Gepubliceerd op 09-03-2021

Fokker, nv koninklijke nederlandse vliegtuigfabrieken

betekenis & definitie

Ned. vliegtuigbouwindustrie.

Op 11.2.1980 werd de fusie tussen Fokker en VFW ontbonden. Dit was een gevolg van de door de BRD nagestreefde herstructurering van de Westduitse lucht- en ruimtevaartindustrie, die een samensmelting van Messerschmitt-Bölkow-Blohm GmbH en VFW tot doel had. Fokker trad daarna weer op als een zelfstandige maatschappij. Alle aandacht werd gewijd aan het nieuwe ontwerp de F 29, een straalverkeersvliegtuig voor 140-160 passagiers. Dit ontwerp was reeds in een vergevorderd stadium toen Fokker in mei 1981 een overeenkomst sloot op 50 %-basis met het Amerikaanse McDonnell-Douglas-concern om gezamenlijk een passagierstoestel te bouwen voor de middellange afstand, waarbij de F 29 als uitgangspunt zou dienen. Het te bouwen vliegtuig kreeg de benaming MDF-100.

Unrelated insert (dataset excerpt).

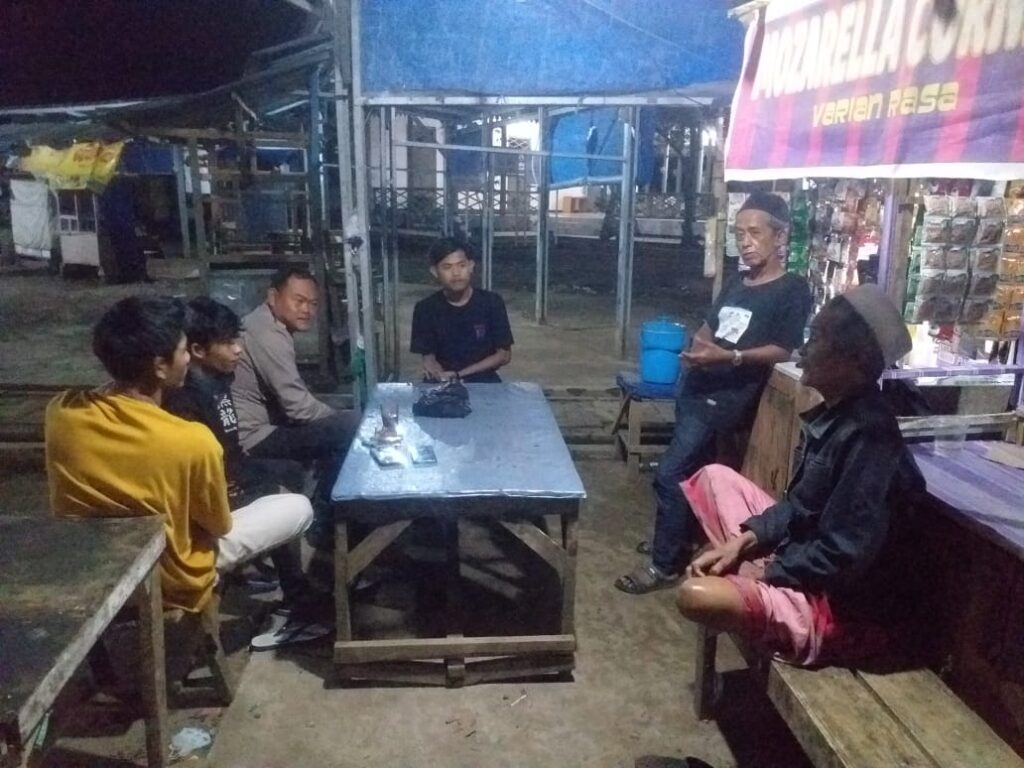 Patroli Sambang Bhabinkamtibmas Polsek Menes: Antisipasi Gangguan Kamtibmas di Malam Hari 6 WhatsApp Image 2023 10 21 at 08.04.06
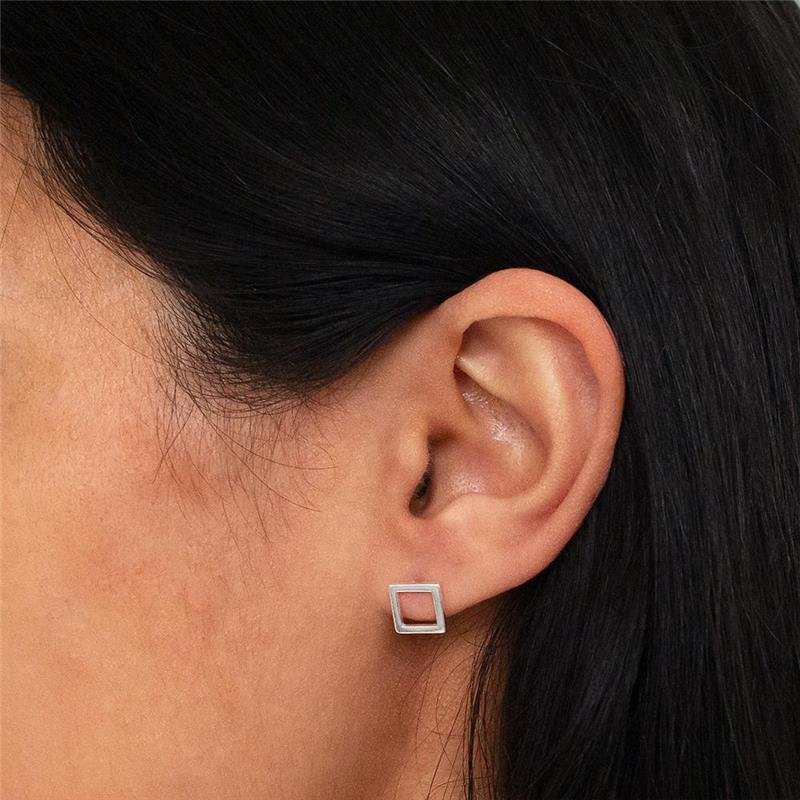 BRINCO PRATA QUADRADO VAZADO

Op 5.2.1982 werd dit samenwerkingsverdrag weer ontbonden. De toen heersende marktsituatie met een verminderde vraag naar vliegtuigen werd als oorzaak genoemd. Eind 1983 werden twee nieuwe programma’s aangekondigd, nl. de Fokker 50, een propjetvliegtuig voor 50 passagiers als opvolger van de F-27, en de Fokker 100, een straalverkeersvliegtuig voor 100 passagiers voorzien van de modernste technologie. Behalve vliegtuigen bouwt Fokker ook componenten voor o.a. Airbus, Shorts, General Dynamic (F 16), European Space Agency (o.a. de communicatiesatelliet Unisat), het IRAS-project en de Arianeraket. Omzet 1983: f 1534 mln.

Omzetverdeling naar sector: nieuwbouw civiele vliegtuigen 69 %, nieuwbouw militaire vliegtuigen 11 %, reparatie en revisie 10 %, ruimtevaart 5 %. Aandelenkapitaal ultimo 1983: f 28 mln. (in juli 1984 vond een nieuwe emissie plaats van f 7 mln. nominaal), eigen vermogen f 138 mln. Nettowinst 1983: f 18,2 mln. Aantal personeelsleden ultimo 1984: 9000.